The Facebook founder sent a subordinate, Richard Allan, to suck up the criticism. Doubtless, Mr. Zuckerberg saw it as yet another politically motivated gesture by foreign governments, jealous of the power of U.S. multinationals. He is, of course, right about the motivation. But he is wrong to think he’s innocent and that the problem will go away. Facebook and other, so-called technology companies, Amazon and Google, should be scared.

The British Parliament has the social-media company in its sights and seized on company documents that purport to show a Facebook engineer had warned the company that a Russian IP address had been harvesting billions of data points from Facebook. The committee, which was made up of parliamentarians from Argentina, Brazil, Canada, Ireland, Latvia, Singapore, France, Belgium and Britain, called for a global system of internet governance. The Canadian representative, New Democrat MP Charlie Angus, suggested: “The simplest form of regulation would be to break Facebook up or treat it as a utility.”

Meanwhile, Germany’s federal competition regulator is launching an investigation into Amazon, the largest online marketplace in Germany, after complaints from third-party sellers that their business was being hindered by Amazon’s dual role of retailer and operator of the marketplace. The European Commission’s competition watchdog is already investigating whether Amazon gains unfair advantage from the data it collects from transactions by sellers using Amazon’s marketplace.

Small wonder, you might think, that the colossal market power of the internet giants attracts scrutiny from regulators. What is extraordinary is the scrutiny, so far, is almost entirely from European antitrust regulators. The United States’ Congress and Federal Trade Commission are only just beginning to show concern about the way in which the internet giants can manipulate the markets in which they dominate.

The country that created antitrust law – the one that first recognized the tendency of large conglomerate enterprises, such as Standard Oil and AT&T, to suppress competition and engage in market abuse – is no longer in the business of cutting down tall poppies. In the United States, today, dominance per se is to be celebrated, (as long as it is American dominance). Foreign dominance in a business activity, especially when it is Chinese, is considered dubious, if not downright illegal. However, when U.S. companies achieve very high degrees of market control, such as Google’s domination of search and online advertising or Amazon’s dominance in bookselling, the prevailing view is that success should be rewarded.

Leaving aside the Trumpian suspicion of foreign manufacturing, U.S. antitrust law has for decades been shackled by a simplistic mantra: If prices are low or lower, what’s the problem? In other words, if Amazon can sell you a book at a lower price, who cares if there are no book shops or indeed any specialist retailer, and who cares if tumbleweeds are rolling through the malls?

Disruption is the official religion and the new gods are Jeff Bezos, Sergey Brin and Mr. Zuckerberg. Surely, this is what capitalism ordered, goes the argument: new technology and business models kick out the old, delivering better and cheaper goods. And Mr. Zuckerberg would be right, except that we are told that the disruptors should not themselves be disrupted.
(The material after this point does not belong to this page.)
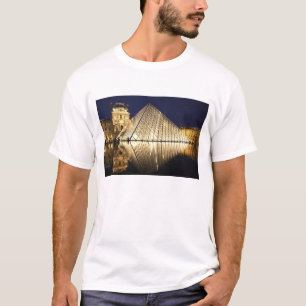 Het nachtelijke aanzicht van de glazen Piramide va T-shirt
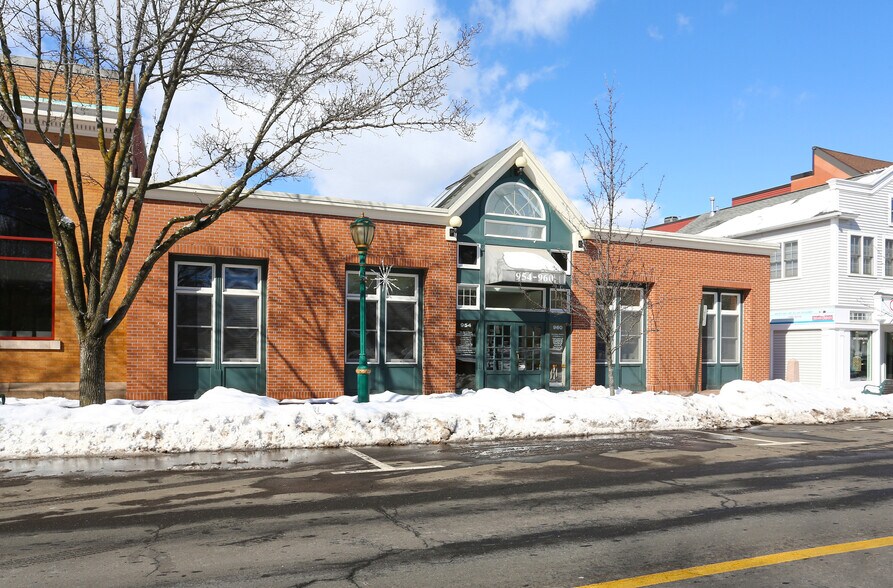 More Photos Of 954-960 Main St, Branford Medical For Lease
Having created the new model economy, we are not allowed to touch it – not even government. The holy libertarian writ of creative destruction works only once: The stranglehold must not be broken. If you want to handle goods before you buy them, find a street market somewhere in Asia.

When did competition mean support for an unregulated utility, a conduit for commerce that is not only subject to no restraint but can freely compete with users of the conduit while at the same time mining their commercial data? When did competition mean the theft of intellectual property?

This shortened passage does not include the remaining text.